By many measures, Mexico City is in a terrible location. Wedged between volcanic mountains in a highland basin on top of a filled lakebed, the geography of the city leaves it vulnerable to earthquakes and volcanoes, as well as to cycles of flooding and drought. Once called the “most polluted city in the word,” its topography traps smog in the urban core, leading to unhealthy levels of air pollution. The city is literally sinking, by as much as eight meters over the last century in some locations, because of a rapidly depleting underground aquifer that continues to be chronically overdrawn due to water scarcity. At least one journalist characterized the location as “the worst possible place to build a megacity.”

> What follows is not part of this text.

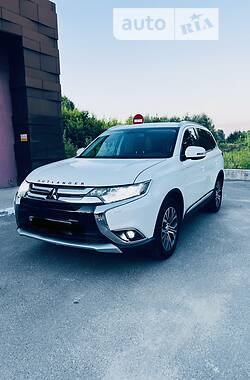 Внедорожник / Кроссовер Mitsubishi Outlander 2017 в Василькове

Why is Mexico City located in such a challenging environment? The standard explanation is historical persistence. What we now call Mexico City was built over the city of Tenochtitlan, the political capital of the Triple Alliance (Aztec Empire). When it was settled, the city’s location along a network of lakes was advantageous, enabling long-distance trade in food and other goods that could not be transported easily over mountainous terrain. Following the Conquest, the Spanish repurposed the pre-existing political and economic institutions of the Triple Alliance to consolidate colonial rule. The city became the center of Spanish colonial power in the Americas and, centuries later, the political capital of an independent Mexico. The lakes are now gone and the area’s geography has been transformed in numerous ways, but Mexico City remains the economic, political, and cultural center of the country.

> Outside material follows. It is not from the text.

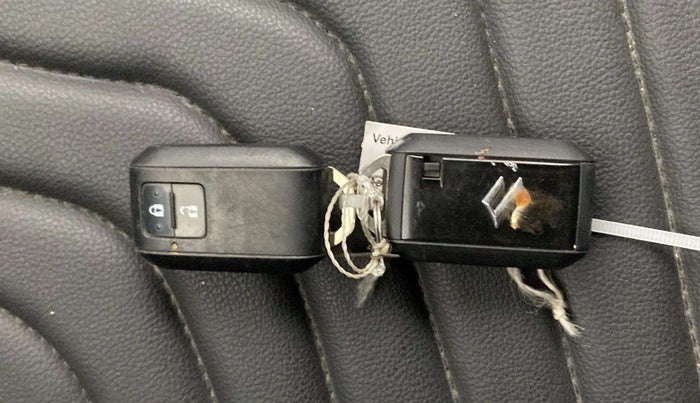 2019 Maruti Baleno ZETA PETROL 1.2, Petrol, Manual, 24,535 km, Key Close Up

These sorts of long-run persistence arguments are common to HPE research. One thing that the Mexico City example illustrates is the complex role that physical geography—an area’s climate, topography, soil type, access to water resources, and other locational features—plays in the evolution of past and present development patterns. Certain initial conditions led people to settle in the Valley of Mexico. Over time both the physical geography of the Valley itself and its consequences for political and economic development changed. This physical geography shaped (and continues to shape) political institutions and outcomes over time, providing an empirical challenge for those of us who work on HPE research in this region.

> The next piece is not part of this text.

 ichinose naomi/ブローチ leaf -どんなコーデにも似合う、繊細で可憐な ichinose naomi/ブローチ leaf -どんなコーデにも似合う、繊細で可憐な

In this post, I highlight a couple of the challenges faced by HPE researchers in addressing physical geography in empirical work. Adam Slez tackled some important geographical issues related to units of analysis, the boundary problem, and spatial dependence in a series of earlier posts. My focus here is narrower: When and why should we consider physical or natural geography in HPE research? How reliable are standard measures of physical geography when applied to the recent or distant past? Can we reasonably take physical geography to be exogenous?
Geography as confound, geography as cause
Even scholars who have no direct interest in geography have to contend with it in applied work as a potential confound. Nearly every political or economic outcome bears some relationship with geography. The standard concern is that one or more geographic characteristics of a location can independently affect both the explanatory variable and the outcome. For example, if we are interested in how past or present state centralization affects economic development, we need to consider how geographic fundamentals (for example the climate or river patterns that determine agricultural production technology) may have influenced both the incentives for state centralization and the subsequent pattern of economic growth.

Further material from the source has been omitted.